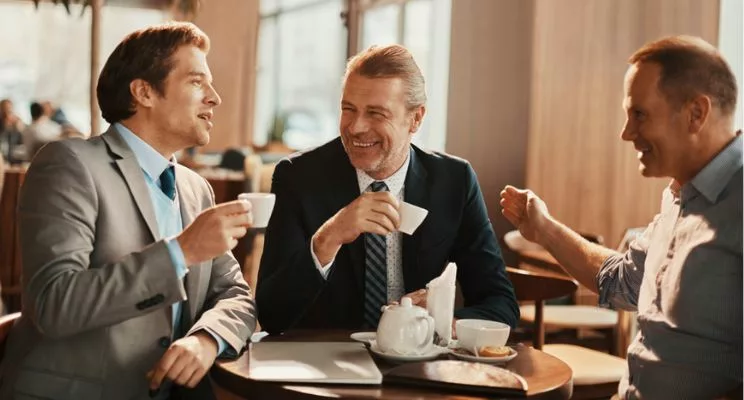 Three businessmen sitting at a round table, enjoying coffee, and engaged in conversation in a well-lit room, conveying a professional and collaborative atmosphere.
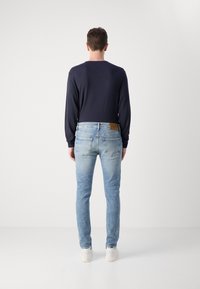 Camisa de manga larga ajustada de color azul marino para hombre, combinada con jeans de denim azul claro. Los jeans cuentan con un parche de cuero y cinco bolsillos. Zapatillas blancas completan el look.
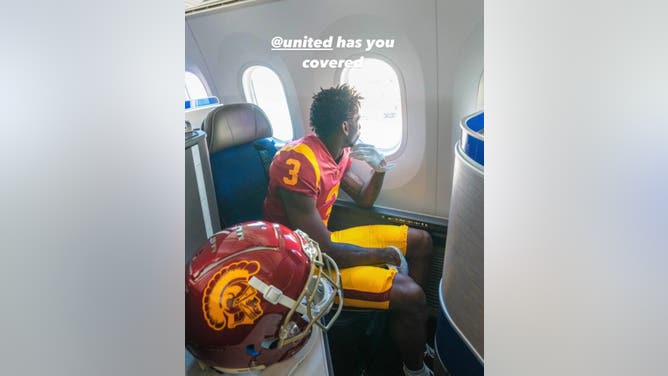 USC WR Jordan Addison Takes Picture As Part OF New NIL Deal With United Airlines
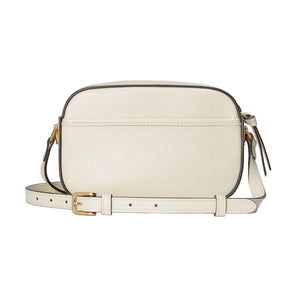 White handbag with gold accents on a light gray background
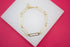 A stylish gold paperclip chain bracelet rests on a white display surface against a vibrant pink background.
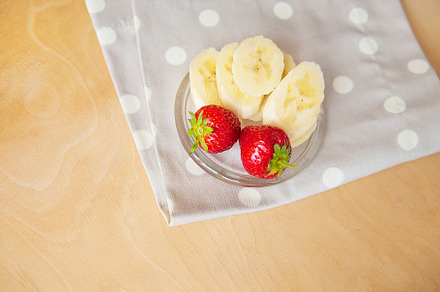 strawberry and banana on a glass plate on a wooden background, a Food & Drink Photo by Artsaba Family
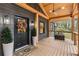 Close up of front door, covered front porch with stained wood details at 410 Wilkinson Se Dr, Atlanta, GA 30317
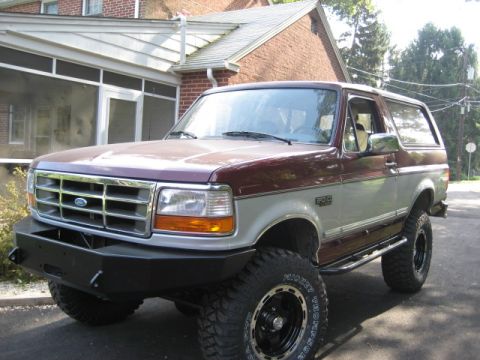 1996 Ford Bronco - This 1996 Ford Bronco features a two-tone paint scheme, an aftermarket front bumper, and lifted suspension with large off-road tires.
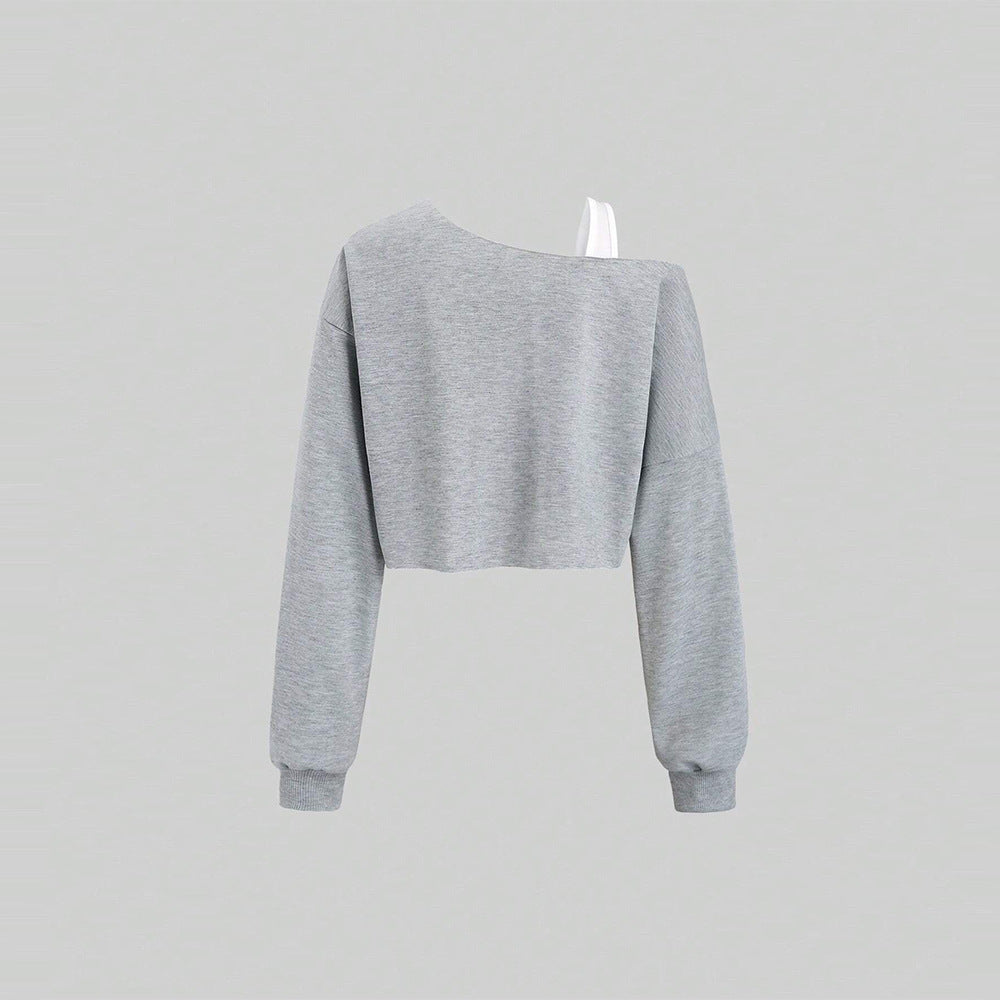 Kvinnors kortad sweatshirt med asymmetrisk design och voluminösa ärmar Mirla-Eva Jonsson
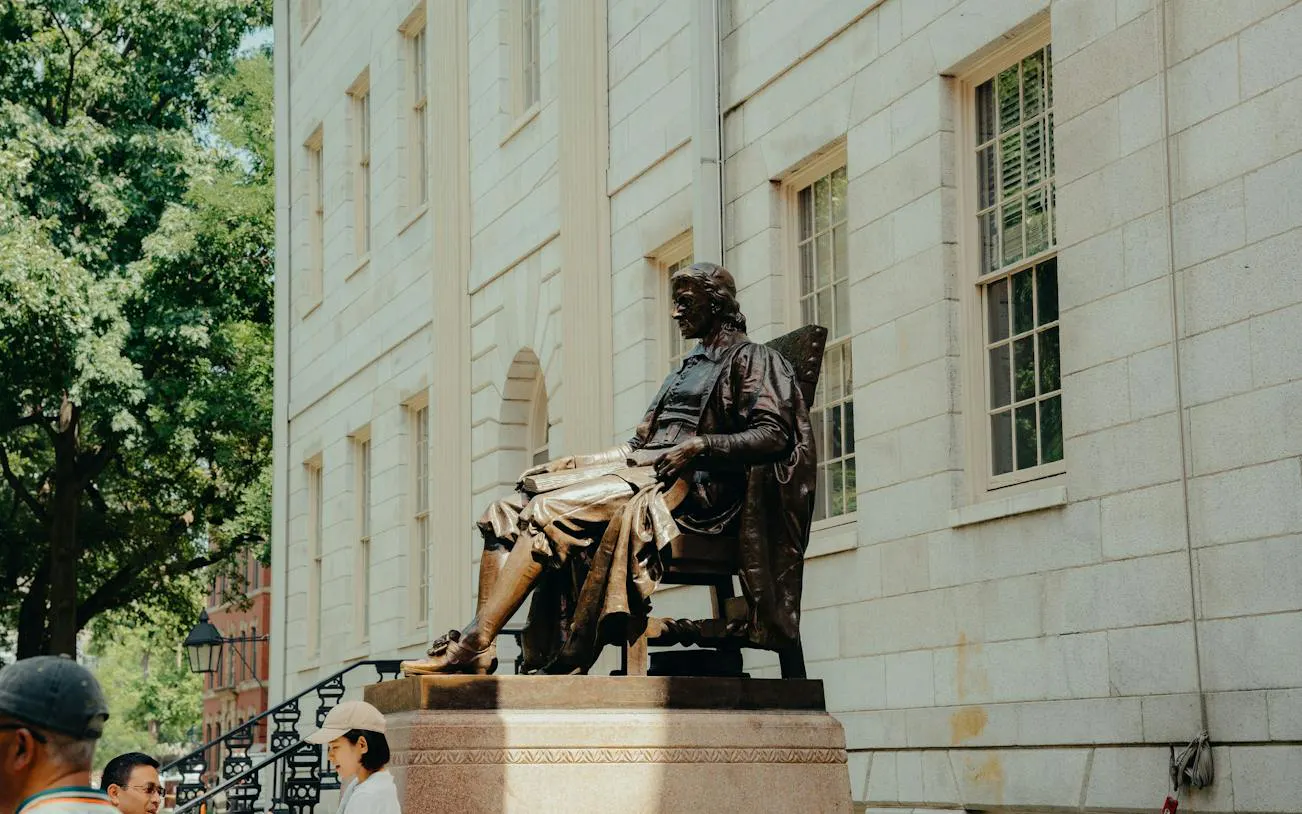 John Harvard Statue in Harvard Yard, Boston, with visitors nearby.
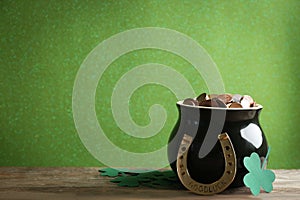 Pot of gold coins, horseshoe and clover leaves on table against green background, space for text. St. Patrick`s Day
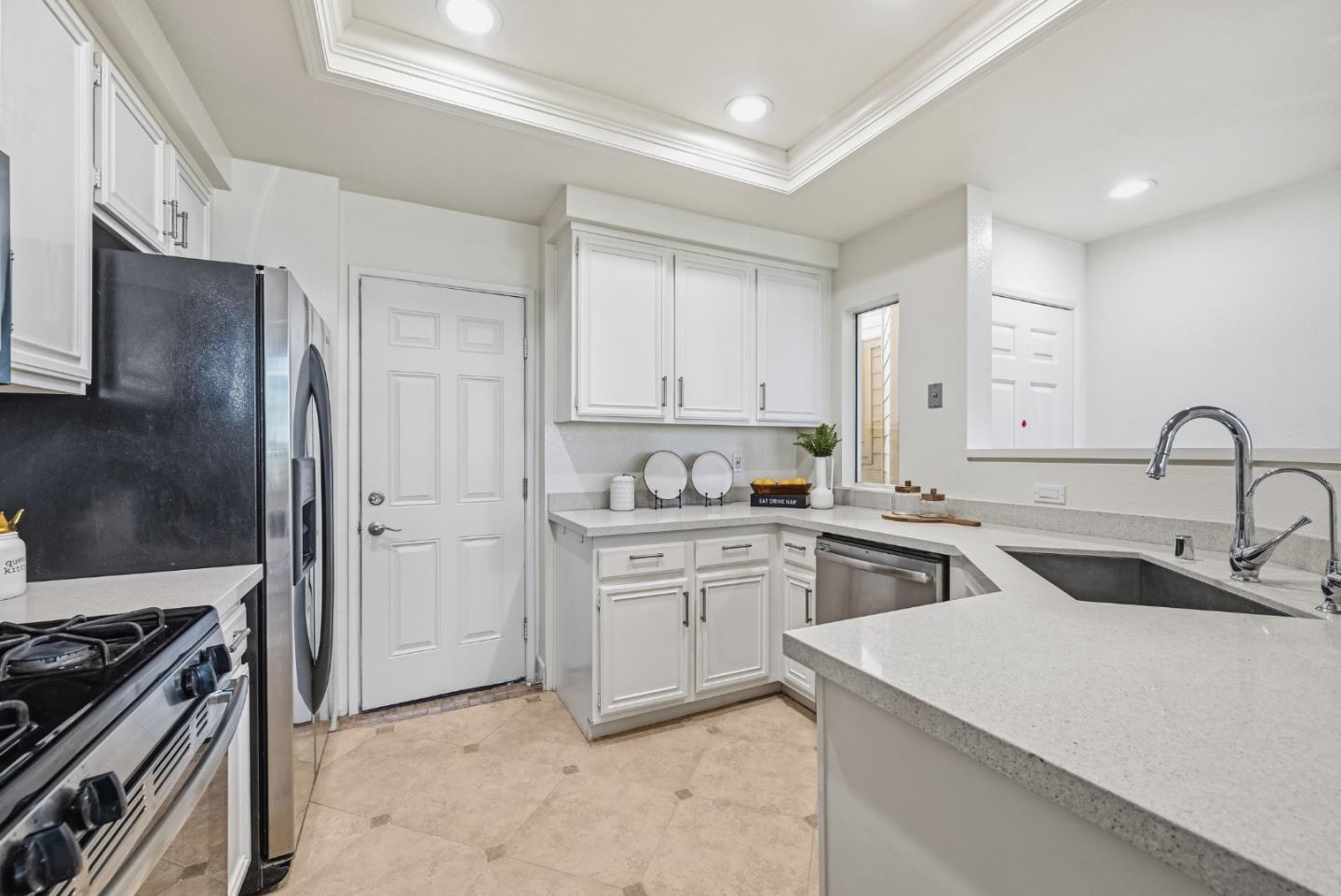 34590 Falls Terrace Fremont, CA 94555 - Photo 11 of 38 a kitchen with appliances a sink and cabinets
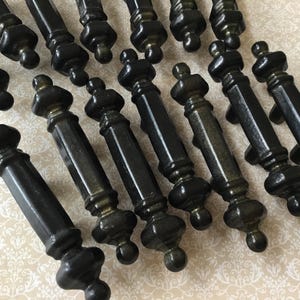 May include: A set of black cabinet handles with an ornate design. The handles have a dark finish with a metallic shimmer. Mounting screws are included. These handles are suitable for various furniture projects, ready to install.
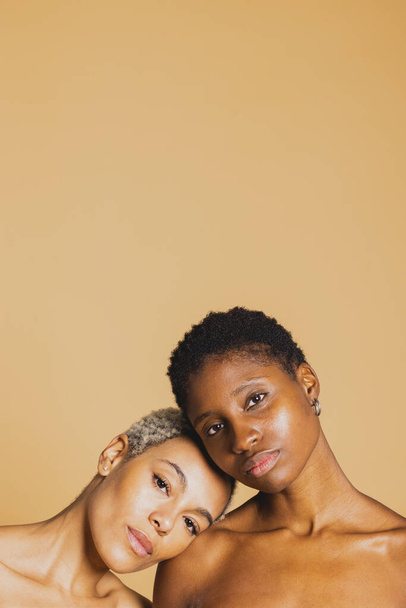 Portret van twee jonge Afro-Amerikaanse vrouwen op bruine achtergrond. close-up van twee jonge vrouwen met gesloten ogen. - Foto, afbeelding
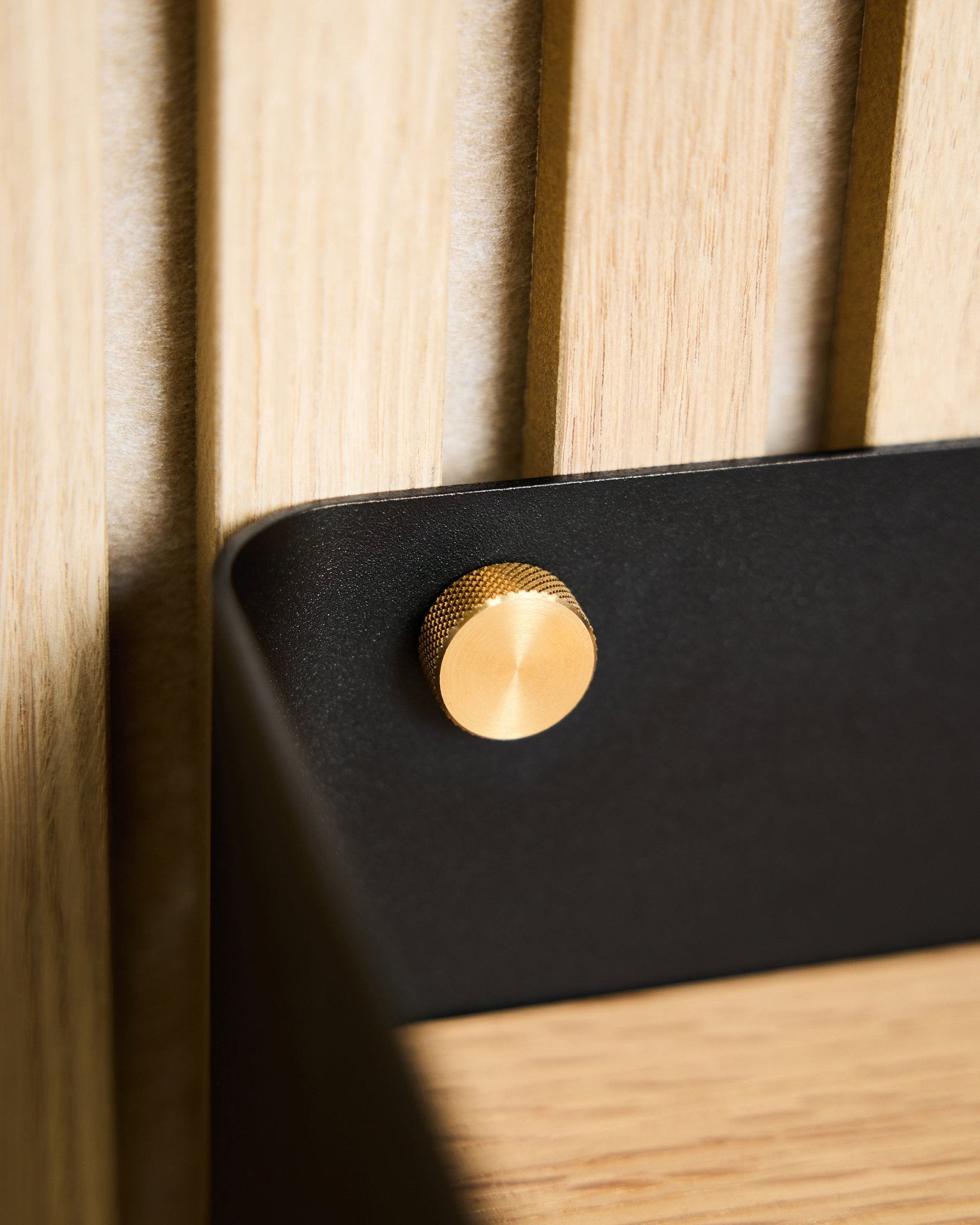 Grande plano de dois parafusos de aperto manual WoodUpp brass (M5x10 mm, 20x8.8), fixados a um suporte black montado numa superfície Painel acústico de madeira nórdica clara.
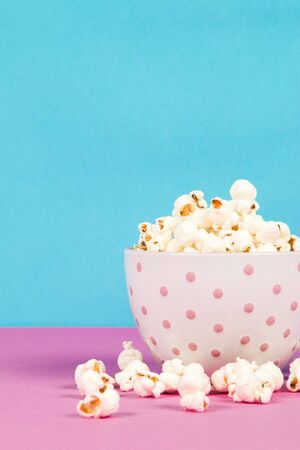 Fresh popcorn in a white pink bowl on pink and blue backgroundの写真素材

• • • • • • •

Starting at the line above that holds "1996 Ford Bronco - This", return each line up to and including the one that holds "Kvinnors kortad sweatshirt", exactly as written, minus any pictures.

 1996 Ford Bronco - This 1996 Ford Bronco features a two-tone paint scheme, an aftermarket front bumper, and lifted suspension with large off-road tires.
 Kvinnors kortad sweatshirt med asymmetrisk design och voluminösa ärmar Mirla-Eva Jonsson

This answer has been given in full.